L’idea di Europa di Macron è comunque più che solidale, nonostante il passato da banchiere dei Rothschild lasciasse intendere una svolta liberal nella politica internazionale francese, e una maggiore vicinanza con Berlino. Talmente solidale da andare oltre il piano di investimenti comune e invocando “un’armonizzazione dei sistemi sociali, in particolare sulle politiche dei salari e delle indennità di disoccupazione, e anche delle politiche fiscali”. “Se crediamo a un’Europa unita, è questa l’unica strada. Se in Francia va in crisi in sistema occupazionale in una determinata regione, interviene la regione o lo Stato francese?”, argomenta Macron, che è stato anche l’artefice di una presa di posizione forte proprio dello Stato sulla vicenda Renault e che ieri ha incassato una vittoria. “Il via libera dell’Assemblea degli azionisti di Renault all’adozione della normativa sui diritti di voto doppi per gli azionisti più fedeli è una buona notizia, ma è soltanto l’applicazione di una legge in vigore”. Approvata nel marzo del 2014, la legge “Florange” modifica infatti il sistema di votazione che prevedeva il concetto ‘un’azione, un voto’, consentendo dunque agli azionisti in possesso da più di due anni di partecipazioni di ottenere due voti per ogni azione detenuta. “La decisione è coerente con gli accordi tra Nissan e Renault e rappresenta un elemento di ulteriore stabilità”, ha detto Macron che ha anche spiegato che lo Stato francese, che ha aumentato di proposito la sua quota nel capitale della casa automobilistica dal 15% fino al 19,7%, tornerà al 15%. “La quota ulteriore acquistata dallo Stato – conferma il ministro – sarà rivenduta. Non è vero che ci siamo esposti economicamente con questa operazione, si è trattata di una pratica normale di mercato e che è stata trasparente. Non scenderemo sotto il 15%. Vogliamo mantenere la stessa quota di prima e farci riconoscere il diritto di voto doppi”.

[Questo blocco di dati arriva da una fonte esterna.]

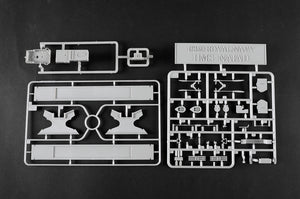 Trumpeter 05366 HMS Naiad 1/350 – immagine 21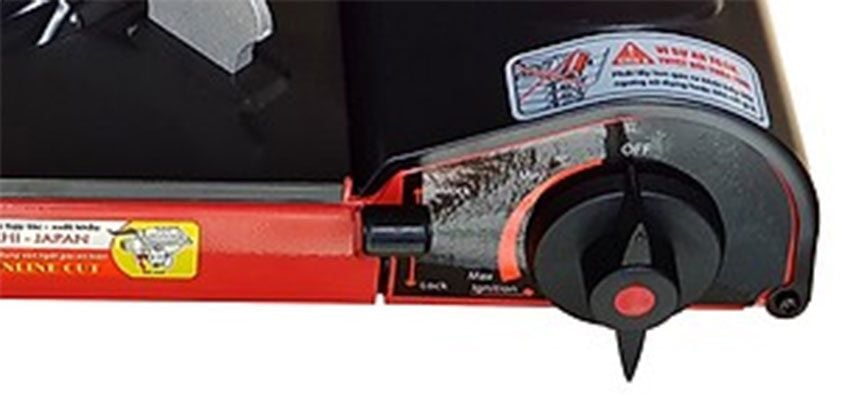 Bếp gas mini Namilux PL1911PF - Hàng chính hãng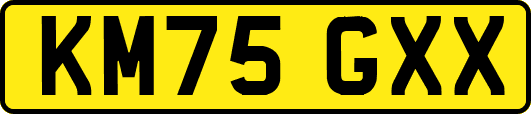 KM75GXX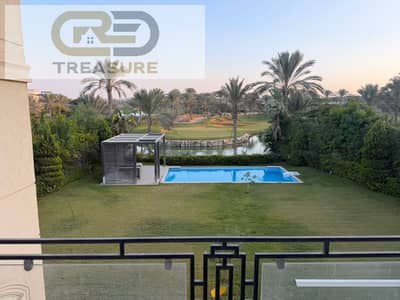 ستاندالون فيلا متشطبه للبيع في قطاميه ديونز- القاهره الجديده - Katameya Dunes - new cairo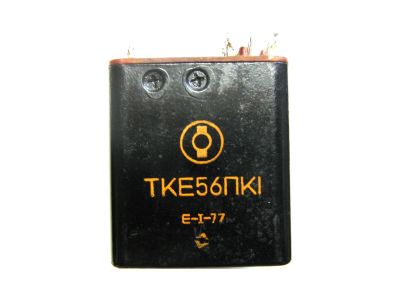Лот: 25363548. Фото: 1. ТКЕ56ПК1, реле постоянного тока... Реле, тумблеры, переключатели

Il ministro transalpino è anche intervenuto sul delicato tema dell’evasione fiscale, in particolare quella dei cosiddetti “Over the Top”, ovvero i grandi gruppi della Silicon Valley (Google su tutti), la cui posizione fiscale nel Vecchio continente non è sempre limpida. “E’ necessaria una risposta coordinata a livello europeo: proprio nell’ottica di una armonizzazione fiscale, è bene che questi gruppi che fanno enormi profitti anche in Europa paghino le tasse in maniera certa, senza trovare l’appoggio di situazioni vantaggiose come accade ad esempio in Irlanda o nei Paesi Bassi. E’ soprattutto fondamentale la localizzazione dell’attività reale di questi colossi digitali, e definire la loro natura giuridica”.